Étude par des expériences HETCOR 1H–29Si des interfaces tensioactif/silice dans des matériaux mésostructurés à porosité ordonnée
Comptes Rendus. Chimie, Volume 9 (2006) no. 3-4, pp. 478-484.

Résumés

Dès la découverte, au début des années 1990, des matériaux mésostructurés à porosité ordonnée, des propositions pour modéliser les interactions à l'interface tensioactif/matrice silicique ont été avancées. Peu de preuves expérimentales ont été apportées pour valider ces modèles. Or, la RMN à l'état solide bidimensionnelle mettant en jeu des expériences de corrélation hétéronucléaire, fondées sur le couplage dipolaire 1H–29Si, apparaît comme un outil très pertinent pour sonder ces interfaces organominérales. .
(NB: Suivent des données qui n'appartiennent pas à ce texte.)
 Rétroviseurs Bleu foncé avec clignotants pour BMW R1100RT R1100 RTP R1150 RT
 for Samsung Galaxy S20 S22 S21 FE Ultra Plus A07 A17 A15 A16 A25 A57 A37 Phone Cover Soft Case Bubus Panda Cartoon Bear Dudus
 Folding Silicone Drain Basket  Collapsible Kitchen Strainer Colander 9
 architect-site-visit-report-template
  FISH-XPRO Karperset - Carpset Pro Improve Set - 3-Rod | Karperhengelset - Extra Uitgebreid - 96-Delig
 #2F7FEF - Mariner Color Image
Investigation by 1H–29 Si HETCOR NMR experiments of surfactant/silica interfaces in mesostructured materials with ordered porosity. Just after the discovery, in the early 1990s, of surfactant-templated mesostructured materials, models to describe the surfactant/silica interface have been proposed, based on few experimental evidences. Two-dimensional heteronuclear correlation (HETCOR) experiments based on 1H–29Si dipolar coupling appear as a very powerful tool to investigate the hybrid organic–inorganic interfaces. .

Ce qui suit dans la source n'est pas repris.